Kur'an-ı Kerim tilaveti ile açılan sempozyum, Dünya Bankası Global İslami Finans Araştırmaları Merkezi'nden Zamir İkbal ile Boğaziçi Üniversitesi Finans Uygulama ve Araştırma Merkezi Müdürü Ali Coşkun'un selamlama konuşması ile devam etti.

Ardından söz alan Ulussever, yaşanan son küresel finansal krizin nedenlerinin 2008 yılından bu yana hem akademik çevrelerde hem de piyasalar tarafından tartışılmaya devam edildiğini, genel görüşün finansal piyasalara ilişkin düzenleme ve denetleme eksikliklerinin krizin ana nedeni olduğunu dile getirdi.
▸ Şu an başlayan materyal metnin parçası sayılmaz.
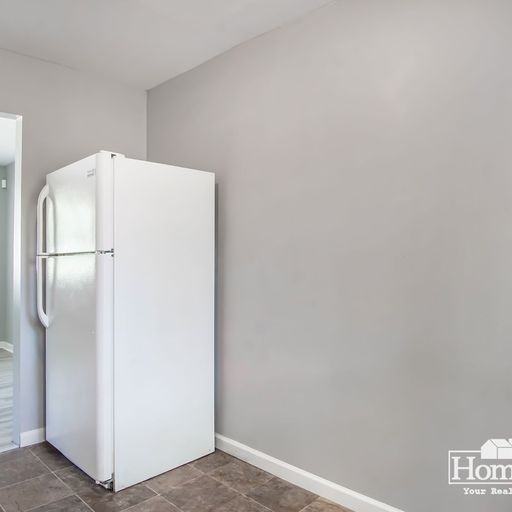 1642 N Elmer St - Photo 4 of 14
Büyük resme bakıldığında son 300-400 yıldır yaşanan tüm ekonomik ve finansal krizlerin temel nedeninin yüksek boyutlardaki borçlanma ve kaldıraca dayalı ürünler ile bağlantılı olduğunu aktaran Ulussever, "Hem küresel hem de ülkeler boyutundaki finansal krizlerin son 40 yılda hızla artmasının ve bulaşıcı bir karakter kazanmasının bu dönemde hızla artan finansallaşma olgusundan bağımsız olarak ele alınamayacağını düşünmekteyim" diye konuştu.
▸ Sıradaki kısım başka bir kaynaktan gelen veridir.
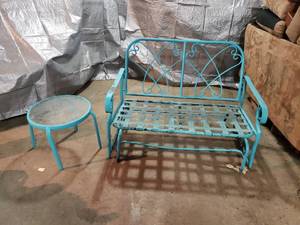 lot 5 image: Swinging Style Patio Chair and Table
Finansal krizler hakkında çalışmalar yapan Carmen Reinhart ve Kenneth Rogoff'un ister bankacılık, ister döviz kuru, isterse kamu kaynaklı olsun tüm finansal krizlerin temel nedenin kısa vadeli borç yükündeki artış olduğunun altını çizdiğini vurgulayan Ulussever, benzer şekilde ekonomist olan Atif Mian ve Amir Sufi'nin de hanehalkı borçlarındaki artışın finansal krizin en önemli sebebi olduğunu savunduğunu dile getirdi.

Ulussever, krizin üzerinden 7 yıla yakın bir zaman geçmiş olmasına karşın dünya ekonomisinin hala toparlanamadığını belirterek, "Tüm bu çözümler ve politikalar, küresel düzeyde reel sektörü canlandıramamakla kalmayıp, küresel borç yükünün 2008 yılından bu yana 50 trilyon dolar üzerinde artmasına sebep olmuştur" ifadelerini kullandı.
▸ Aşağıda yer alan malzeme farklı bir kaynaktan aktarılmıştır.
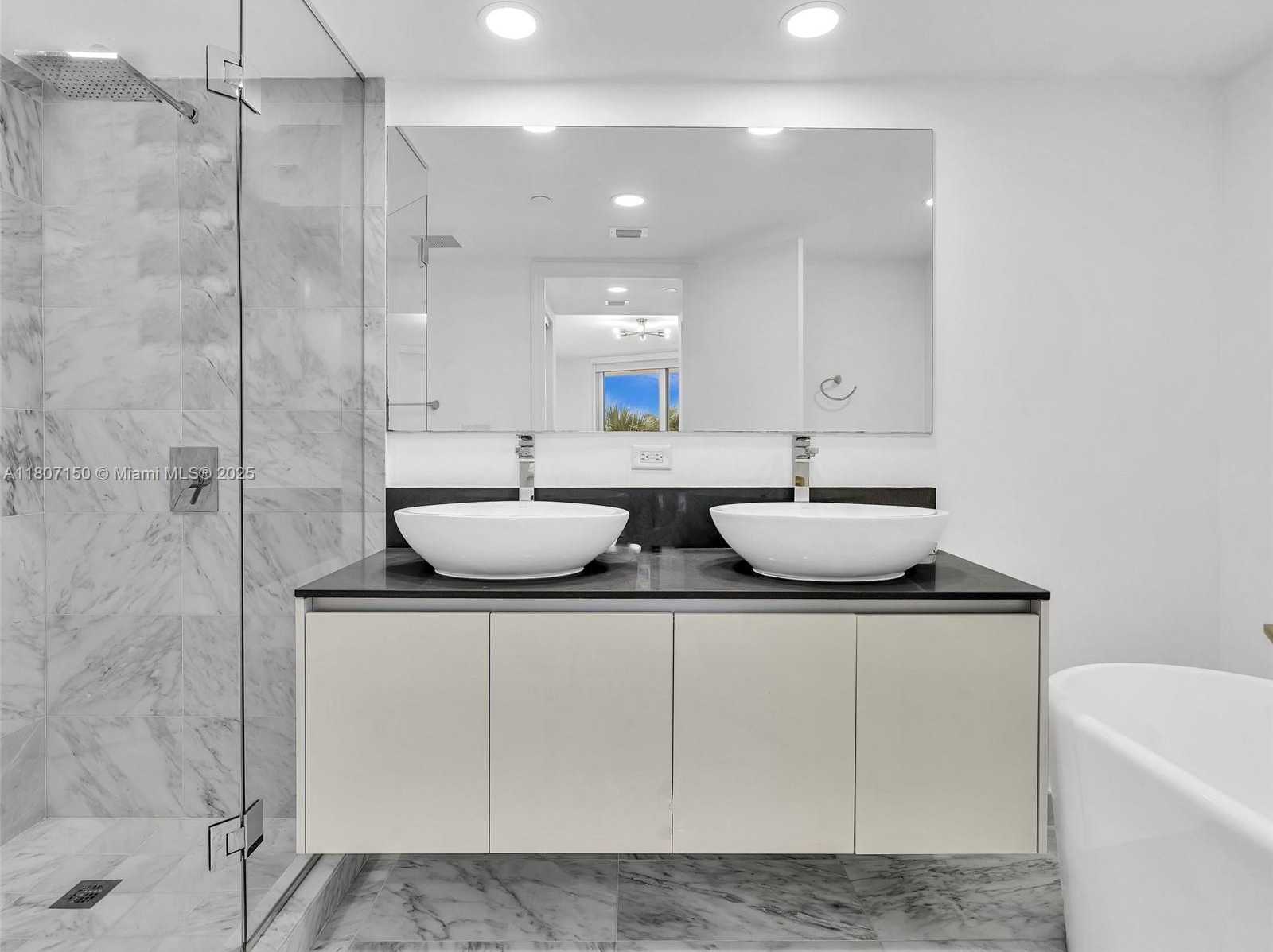 Small Image of 9821 EAST BAY HARBOR DR #302, Bay Harbor Islands Number 31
Bu durumun reel sektör getirilerinden bağımsız biçimde ve merkez bankalarınca belirlenen faiz oranlarının bir yansıması olduğuna dikkati çeken Ulussever, sözlerine şöyle devam etti:

"Halbuki iktisat teorisi, marjinal sermaye getirisinin finansal getirilere eşit olduğu bir varsayım altında ekonomik dengenin oluştuğunu söylemektedir. İçinde yaşadığımız ve sermayenin marjinal verimliliğinden tamamen bağını koparmış, sıfır hatta negatif faizli bu ekonomik ortamda, hem yatırımlar hem de tasarruflar olumsuz ölçüde etkilenmiş ve küresel düzeyde bir yatırım/tasarruf dengesizliği ortaya çıkmıştır. Denilebilir ki faizsiz bir dünyada fiyatın oluşamayacağını ve sıfır faizin tüm ekonomik kararları olumsuz etkileyeceğini iddia eden ana akım iktisat ve finans bakış açısı, küresel ekonomiyi tam da karşı oldukları bu ekonomik duruma sokmuş ve bir çözüm yolu geliştirememiştir."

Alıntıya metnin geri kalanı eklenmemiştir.